This is a continuation of the regurgitation of my old lj posts, to be continued as long as I feel like it, whenever I feel like it.

The following sequence includes the events leading up to and during the geology conference I went to in Denver to present the dinosaur stuff with my Wyoming group.  We drove all the way from Western Michigan to Denver in a 15 passenger van, but that's not originally how it was supposed to happen, as you will see.

I associated with three different people named Mark in college.  One was blind, one was a paleontologist, and one was the student newspaper advisor.
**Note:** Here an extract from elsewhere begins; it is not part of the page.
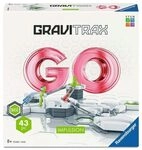 RAVENSBURGER 12020015 GraviTrax BASE - GraviTrax GO Impulsion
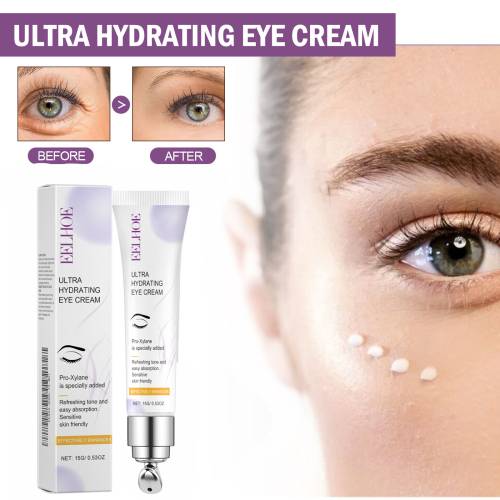 Retinol & Niacinamide Eye Cream for Dark Circles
I talk about the former two here.  

October 26, 2004

 fuck this i don't need this shit i'm down with the sickness (i was totally into making quotes and song lyrics as my titles at this point in my life, and sometimes they had swearing)

goshdarnit. i'm in such a bad mood right now. quantitative labs stink. can't we just go back to the qual ones? i had to breathe into this tube that was stuck in a tub of water because no one else in my stupid group wanted to do it and then the t.a. decided it would be funny to throw some dry ice into the water. so i'm gasping for air trying to concentrate on this experiment and he's just sitting there laughing. what a jerk. a really hot jerk, but still a jerk.
then after lab dr. h comes up to me and asks if i'm flying to GSA
(Geological Society of America) because that is apparently what dr. b told him. why would i be flying to GSA? okay, considering i talked to dr. b TWICE about this, i would have thought he could have gotten it straight. but apparently not.
everything is so confusing right now. why does everyone have to be such morons all the time yet then i am still considered the dumb one because i can't do stoichiometry
or whatever crap we're doing right now.
and now i have to go write my column for the anchor for which i will probably be spending all of eternity at tonight and get nothing done homeworkwise. this stinks. i quit. i'm going to run away and live out my 8th grade dream of becoming a street bum in ecuador with a hairstyling business on the side.


October 28, 2004
right as usual, king friday (this is from mr. rogers neighborhood.  a girl in my class said it to me that day and I thought it was funny)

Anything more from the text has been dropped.